JP: I don’t think it’s the most important thing. But I do think for a lot of people, those job opportunities are not available as quick as you want them, or may be available at all. For people who are in store sales for example, education gives you a base to start from. It will set your resume apart because it shows that you’re serious about a career in fashion.
In an interview it will show that you understand concepts and the fundamentals. And when you get the job, you’re already ahead of the game. It’s not the most important thing, but I think it is a great supplement.
VT: What’s the most valuable career advice that you’ve given or received?
JP: Really early on at Holt Renfrew I had a mentor who said relationships are the most important thing in your professional life. Relationships in terms of having to work for somebody else, collaborating and asking, “What value do you bring to the table?”
VT: What is your most memorable experience working in fashion?

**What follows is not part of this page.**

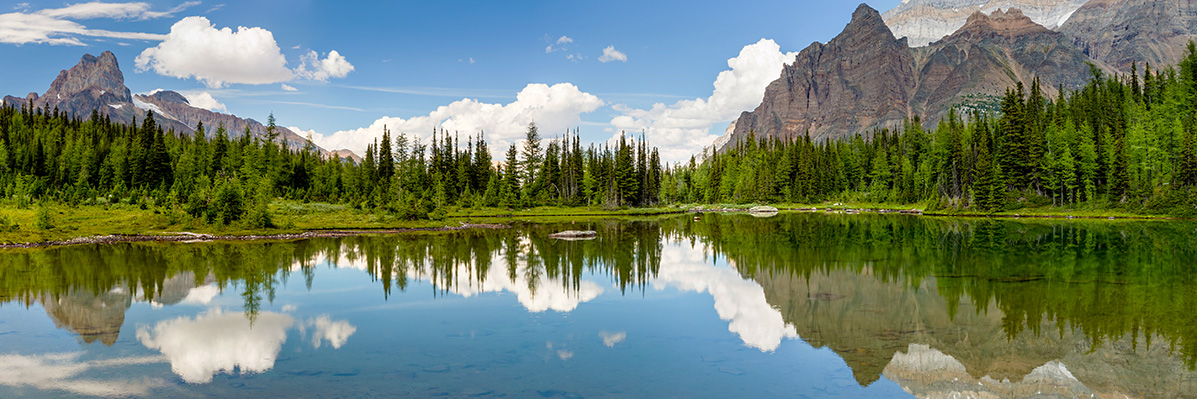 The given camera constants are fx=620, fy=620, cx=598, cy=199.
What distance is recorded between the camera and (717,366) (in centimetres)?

JP: There are so many memorable experiences that would make your jaw drop. I remember going to meet with the designers of Proenza Schouler. I was buying for Holt Renfrew at the time. They just seemed like these two really nice, lovely Canadian guys, but were so bold in their vision. I remember looking at coats for 4000 dollars, when these guys didn’t have a reputation at all in the industry at this point. But they believed so much in who their customer was, their skills, quality and craftsmanship. I just thought it was really ballsy and I was impressed.
VT: How do you envision the future of Retail Assembly?
JP: We initially picked a name that was bigger than what it was going to be. “Retail” is there so it reflects the industry and we really liked the idea of an assembly, of getting people around the table for a common purpose. Right now we have multiple contributors, so for every course there are five to 15 people touching it.
We hope that it becomes a showcase for innovation and new ideas. We want people contributing whatever it is they’re doing from an innovation and strategic standpoint. We want to spark ideas. We don’t want to just teach content, we want it to be a source of inspiration and improvement for the industry as well.